*WHAT YOU WILL DO*.
Below are entries; print them exactly from the first line through the one containing "Kiara Sky All".

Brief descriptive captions
----

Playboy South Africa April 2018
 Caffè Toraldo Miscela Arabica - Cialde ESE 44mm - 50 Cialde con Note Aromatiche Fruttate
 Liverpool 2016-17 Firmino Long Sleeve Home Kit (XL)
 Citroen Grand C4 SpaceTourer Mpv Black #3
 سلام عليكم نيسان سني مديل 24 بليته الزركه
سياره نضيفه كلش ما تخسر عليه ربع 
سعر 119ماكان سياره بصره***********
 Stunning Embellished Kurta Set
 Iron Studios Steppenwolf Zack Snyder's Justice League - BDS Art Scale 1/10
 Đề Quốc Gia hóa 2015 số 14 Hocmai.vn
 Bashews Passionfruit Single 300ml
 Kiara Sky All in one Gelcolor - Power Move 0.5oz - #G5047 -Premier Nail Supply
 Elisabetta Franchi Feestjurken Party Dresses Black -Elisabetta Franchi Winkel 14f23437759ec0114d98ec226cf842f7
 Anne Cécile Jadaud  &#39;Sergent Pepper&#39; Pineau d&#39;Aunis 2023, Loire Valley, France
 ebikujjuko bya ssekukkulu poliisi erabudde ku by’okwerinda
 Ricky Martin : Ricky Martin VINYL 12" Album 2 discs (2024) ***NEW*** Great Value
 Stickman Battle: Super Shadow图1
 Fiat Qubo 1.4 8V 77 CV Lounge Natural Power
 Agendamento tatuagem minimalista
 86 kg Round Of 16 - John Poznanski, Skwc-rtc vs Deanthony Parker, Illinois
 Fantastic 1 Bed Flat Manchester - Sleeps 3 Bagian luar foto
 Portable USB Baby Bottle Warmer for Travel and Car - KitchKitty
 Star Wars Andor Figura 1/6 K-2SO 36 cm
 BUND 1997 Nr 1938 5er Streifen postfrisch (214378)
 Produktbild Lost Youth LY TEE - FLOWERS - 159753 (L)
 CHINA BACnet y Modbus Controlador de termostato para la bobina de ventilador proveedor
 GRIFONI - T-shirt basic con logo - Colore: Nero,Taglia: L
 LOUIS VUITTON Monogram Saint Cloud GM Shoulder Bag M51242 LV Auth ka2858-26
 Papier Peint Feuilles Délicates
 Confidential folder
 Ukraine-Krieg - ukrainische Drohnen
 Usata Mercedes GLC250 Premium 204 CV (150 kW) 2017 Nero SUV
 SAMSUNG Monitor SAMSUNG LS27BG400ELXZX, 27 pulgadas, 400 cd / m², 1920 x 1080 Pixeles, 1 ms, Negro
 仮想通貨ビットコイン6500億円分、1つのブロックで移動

----

*TASK OUTPUT*.
Playboy South Africa April 2018
 Caffè Toraldo Miscela Arabica - Cialde ESE 44mm - 50 Cialde con Note Aromatiche Fruttate
 Liverpool 2016-17 Firmino Long Sleeve Home Kit (XL)
 Citroen Grand C4 SpaceTourer Mpv Black #3
 سلام عليكم نيسان سني مديل 24 بليته الزركه
سياره نضيفه كلش ما تخسر عليه ربع 
سعر 119ماكان سياره بصره***********
 Stunning Embellished Kurta Set
 Iron Studios Steppenwolf Zack Snyder's Justice League - BDS Art Scale 1/10
 Đề Quốc Gia hóa 2015 số 14 Hocmai.vn
 Bashews Passionfruit Single 300ml
 Kiara Sky All in one Gelcolor - Power Move 0.5oz - #G5047 -Premier Nail Supply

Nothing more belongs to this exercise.